Did Starbucks fail at communicating policy?
Recently, Starbucks took it on the chin when employees in Philadelphia acted in a manner that suggested there was one set of rules for white patrons and another for black patrons.
Whatever the employees may have been thinking or trying to accomplish, the public was swift to judge. Protests and boycotts followed. CEO Kevin Johnson announced that on May 29, it will close 8,000 U.S. company-owned stores to conduct racial-bias training to address the issue.
It’s likely that the Starbucks incidents reveal some form of discriminatory animus on the part of individual employees. But from a management and HR perspective, there is another layer.
Was what happened at Starbucks the result of a vague policy—perhaps about loitering—that was misinterpreted in ways that no one imagined it could be?

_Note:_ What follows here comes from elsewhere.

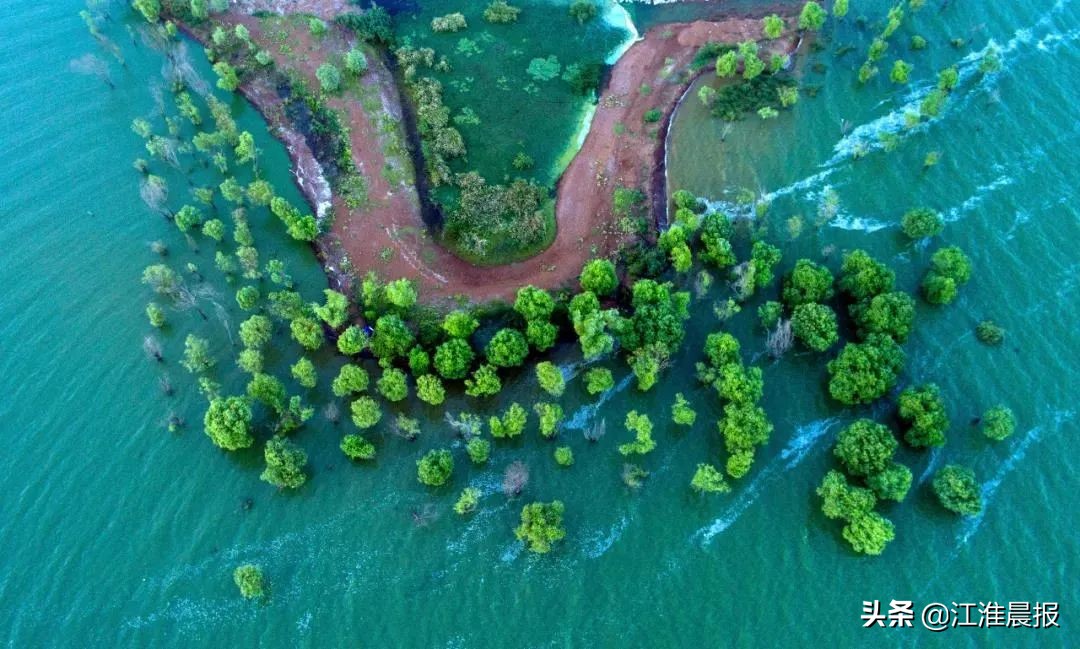 合肥靠什么逆袭的,合肥到底靠什么发展起来了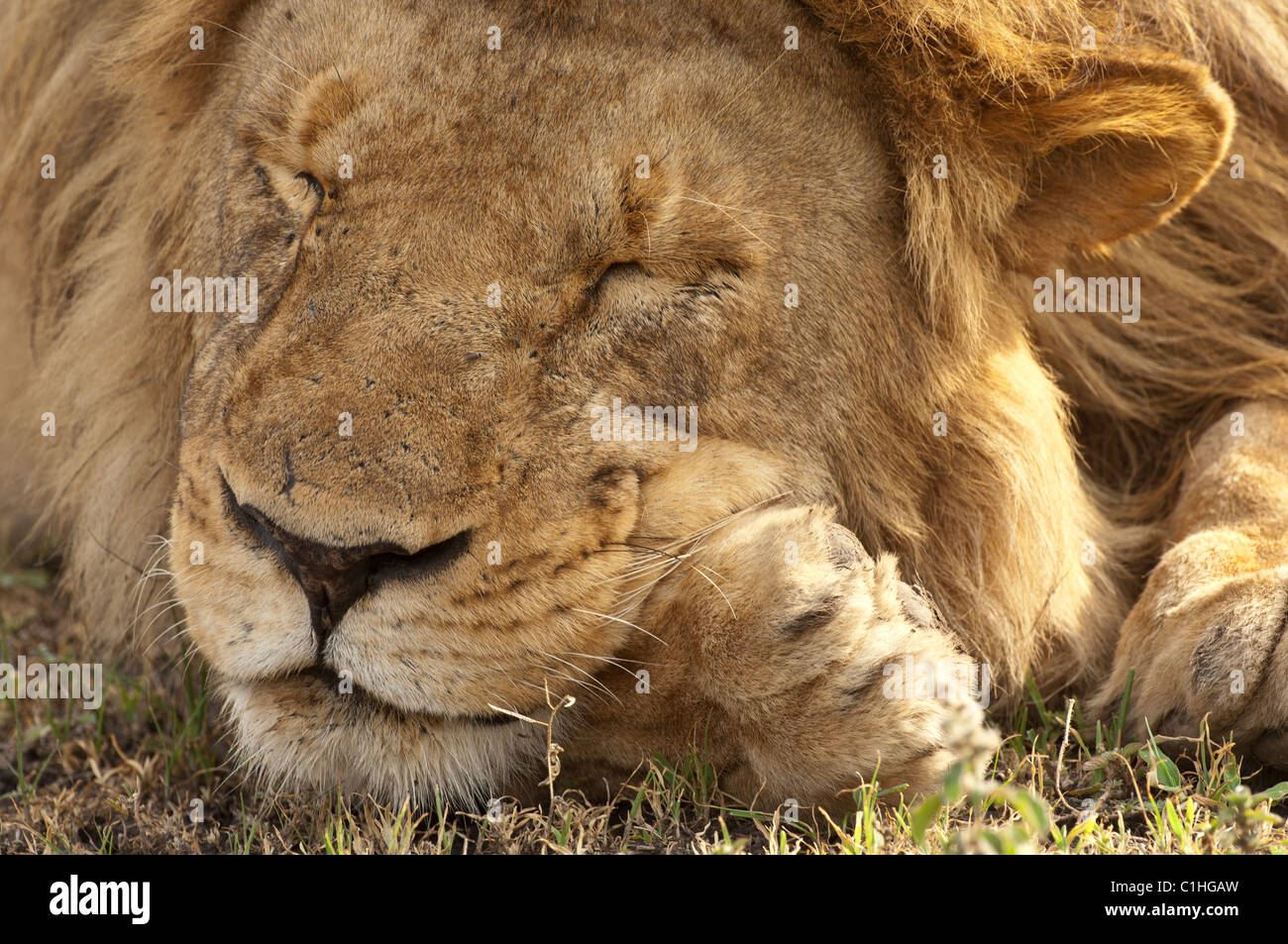 Stock photo closeup di un grande maschio lion che poggia il capo sul suo zampe. Foto Stock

In your organization, you should always be asking these questions:
1. How might the wording of our policies be misperceived, or even exploited?
2. Have we thought of the ways that the policy could be challenged, and how we would respond to them?
3. Do all employees have the same understanding of these policies?
4. Have policies been stress-tested? That is, has anything ever gone wrong to make us take a second look at them?
When it comes to writing and enforcing policies, words on a page only provide the illusion of security and order. Meanwhile, what do those words actually mean to the front-liners tasked with interpreting policies during the normal course of business?